Every work in the museum was made under the same eleven axioms — rules established largely at the practice's outset and sharpened by its early edge cases. They are the archive's constitution: what makes seven thousand photographs one work rather than seven thousand. They are reproduced here as codified in the thesis, where each carries an extended commentary; a practitioner could memorise them and carry them into the field, and is welcome to.
1pause.Not every 8 earns documentation. Exercise discernment before photographing.
2in situ.Photograph the 8 where it is found, under existing conditions.
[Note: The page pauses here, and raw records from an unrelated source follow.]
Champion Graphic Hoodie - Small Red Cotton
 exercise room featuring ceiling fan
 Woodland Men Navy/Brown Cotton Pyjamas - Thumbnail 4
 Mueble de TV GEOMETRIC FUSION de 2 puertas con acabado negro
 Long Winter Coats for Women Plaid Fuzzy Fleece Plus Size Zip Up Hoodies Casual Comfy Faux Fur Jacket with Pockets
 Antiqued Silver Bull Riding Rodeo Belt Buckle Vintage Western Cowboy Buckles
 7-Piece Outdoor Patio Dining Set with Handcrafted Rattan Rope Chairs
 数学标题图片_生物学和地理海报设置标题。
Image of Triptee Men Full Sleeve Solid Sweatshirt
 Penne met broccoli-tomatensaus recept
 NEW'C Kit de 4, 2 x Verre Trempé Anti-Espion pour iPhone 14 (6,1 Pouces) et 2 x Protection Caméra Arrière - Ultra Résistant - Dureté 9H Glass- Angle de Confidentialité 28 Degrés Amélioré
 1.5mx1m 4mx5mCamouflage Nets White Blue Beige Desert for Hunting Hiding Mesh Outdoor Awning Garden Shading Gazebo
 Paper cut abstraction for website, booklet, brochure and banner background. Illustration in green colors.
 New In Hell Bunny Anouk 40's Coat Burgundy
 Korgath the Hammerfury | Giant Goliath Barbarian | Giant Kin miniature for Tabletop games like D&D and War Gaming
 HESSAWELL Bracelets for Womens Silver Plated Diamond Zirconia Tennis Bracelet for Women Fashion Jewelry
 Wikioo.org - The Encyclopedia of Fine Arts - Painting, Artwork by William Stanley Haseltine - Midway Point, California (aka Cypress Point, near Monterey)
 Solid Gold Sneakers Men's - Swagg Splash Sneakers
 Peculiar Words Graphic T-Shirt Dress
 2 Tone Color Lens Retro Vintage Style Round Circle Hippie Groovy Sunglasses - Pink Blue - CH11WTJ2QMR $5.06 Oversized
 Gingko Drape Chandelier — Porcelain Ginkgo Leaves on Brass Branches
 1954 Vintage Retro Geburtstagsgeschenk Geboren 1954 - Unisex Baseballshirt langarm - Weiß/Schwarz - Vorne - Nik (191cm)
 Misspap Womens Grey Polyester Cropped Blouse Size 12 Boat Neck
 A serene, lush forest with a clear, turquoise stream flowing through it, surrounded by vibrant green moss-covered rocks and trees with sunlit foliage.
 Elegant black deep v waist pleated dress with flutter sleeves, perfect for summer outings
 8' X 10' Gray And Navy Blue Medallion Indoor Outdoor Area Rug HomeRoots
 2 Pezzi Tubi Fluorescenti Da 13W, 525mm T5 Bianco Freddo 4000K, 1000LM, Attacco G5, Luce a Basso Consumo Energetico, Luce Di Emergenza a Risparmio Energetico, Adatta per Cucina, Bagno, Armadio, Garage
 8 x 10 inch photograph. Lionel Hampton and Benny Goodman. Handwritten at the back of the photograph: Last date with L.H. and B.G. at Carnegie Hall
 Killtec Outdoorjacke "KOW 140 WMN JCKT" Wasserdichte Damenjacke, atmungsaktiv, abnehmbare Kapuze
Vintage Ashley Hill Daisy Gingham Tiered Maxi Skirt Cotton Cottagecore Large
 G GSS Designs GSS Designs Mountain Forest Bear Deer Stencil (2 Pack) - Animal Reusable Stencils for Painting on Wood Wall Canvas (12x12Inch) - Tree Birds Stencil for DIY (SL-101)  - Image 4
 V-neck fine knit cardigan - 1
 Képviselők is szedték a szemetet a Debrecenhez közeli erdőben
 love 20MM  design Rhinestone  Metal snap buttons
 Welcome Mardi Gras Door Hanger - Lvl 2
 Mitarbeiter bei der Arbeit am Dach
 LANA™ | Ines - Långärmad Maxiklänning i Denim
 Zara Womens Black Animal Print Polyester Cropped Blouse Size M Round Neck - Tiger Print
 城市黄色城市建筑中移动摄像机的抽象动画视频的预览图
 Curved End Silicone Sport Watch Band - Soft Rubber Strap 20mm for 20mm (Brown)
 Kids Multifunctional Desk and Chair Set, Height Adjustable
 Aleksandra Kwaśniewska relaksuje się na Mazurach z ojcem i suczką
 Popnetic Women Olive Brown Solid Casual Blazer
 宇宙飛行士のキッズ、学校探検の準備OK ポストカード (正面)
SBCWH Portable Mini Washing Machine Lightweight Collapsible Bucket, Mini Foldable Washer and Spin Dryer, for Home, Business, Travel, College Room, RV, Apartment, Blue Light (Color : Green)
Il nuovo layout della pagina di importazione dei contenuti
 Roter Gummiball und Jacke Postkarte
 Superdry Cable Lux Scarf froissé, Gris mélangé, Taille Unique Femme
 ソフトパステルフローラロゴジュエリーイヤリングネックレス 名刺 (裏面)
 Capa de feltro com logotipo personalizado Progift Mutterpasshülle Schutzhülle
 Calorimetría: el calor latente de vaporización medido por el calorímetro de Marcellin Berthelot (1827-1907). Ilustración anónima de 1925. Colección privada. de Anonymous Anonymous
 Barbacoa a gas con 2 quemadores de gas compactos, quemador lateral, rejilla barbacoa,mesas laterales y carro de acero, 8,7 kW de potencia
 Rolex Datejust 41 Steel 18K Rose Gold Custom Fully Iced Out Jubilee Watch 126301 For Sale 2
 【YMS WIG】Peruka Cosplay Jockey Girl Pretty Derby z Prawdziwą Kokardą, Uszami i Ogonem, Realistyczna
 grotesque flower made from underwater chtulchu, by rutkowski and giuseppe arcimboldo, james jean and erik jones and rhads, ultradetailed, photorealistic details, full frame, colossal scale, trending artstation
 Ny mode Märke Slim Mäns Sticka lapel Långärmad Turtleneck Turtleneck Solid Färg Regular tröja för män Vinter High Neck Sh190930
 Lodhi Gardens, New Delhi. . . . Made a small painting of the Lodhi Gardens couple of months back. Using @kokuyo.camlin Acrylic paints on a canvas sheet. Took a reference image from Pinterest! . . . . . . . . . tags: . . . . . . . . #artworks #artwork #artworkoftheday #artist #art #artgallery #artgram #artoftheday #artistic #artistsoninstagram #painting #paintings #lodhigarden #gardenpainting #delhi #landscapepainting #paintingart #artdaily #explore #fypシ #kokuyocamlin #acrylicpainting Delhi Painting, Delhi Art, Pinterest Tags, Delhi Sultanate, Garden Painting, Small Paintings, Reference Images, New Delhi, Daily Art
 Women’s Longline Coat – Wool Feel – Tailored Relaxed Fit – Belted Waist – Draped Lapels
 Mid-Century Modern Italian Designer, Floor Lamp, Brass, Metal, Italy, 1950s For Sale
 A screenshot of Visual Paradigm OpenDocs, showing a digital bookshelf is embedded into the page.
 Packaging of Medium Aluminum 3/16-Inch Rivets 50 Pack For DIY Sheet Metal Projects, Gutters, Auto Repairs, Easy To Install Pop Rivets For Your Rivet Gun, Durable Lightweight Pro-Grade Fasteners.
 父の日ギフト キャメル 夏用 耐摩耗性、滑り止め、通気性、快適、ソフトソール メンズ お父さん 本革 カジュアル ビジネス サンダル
No staging, no returning later.
3do not touch.Do not touch, alter, light, clean, or rearrange the 8 or its surroundings.
4isolate the 8.No other complete numerals or typical Roman-alphabet letters may be visible in the frame.
5maximise context.Retain as much environmental context as possible, provided Axiom 4 is satisfied.
6no duplicates.Each 8 may be photographed only once. Do not return to re-document a previous find.
7one per type.Where a style of 8 appears in mass-produced, broadly identical form, capture one representative.
8material over digital.Strong preference against pixel-rendered or screen-based 8s. The archive privileges the inscribed and the enduring.
9found, not made.The 8 must not have been made by the practitioner, nor made for the practitioner. The archive documents a pre-existing phenomenon.
10single perceiver.All photographs must be taken by the practitioner, personally, on their own device. No contributed or crowd-sourced images.
11automatic metadata; rare annotation.EXIF data (GPS, timestamp, device) is recorded automatically. Written annotation is discretionary and sparse.
The axioms permit rare, disciplined exceptions — a number-plate 8 crushed into singularity, a seven-segment glyph whose encounter carried weight — and their rarity is part of the method. Contributed 8s, of which the museum now receives a steady stream from friends who can no longer stop seeing them, are kept with gratitude in a secondary archive; by Axiom 10 they do not enter the collection. The full commentary on each axiom, including the letterbox problem and the ethics of not-taking, is given in Chapter 3 of the thesis.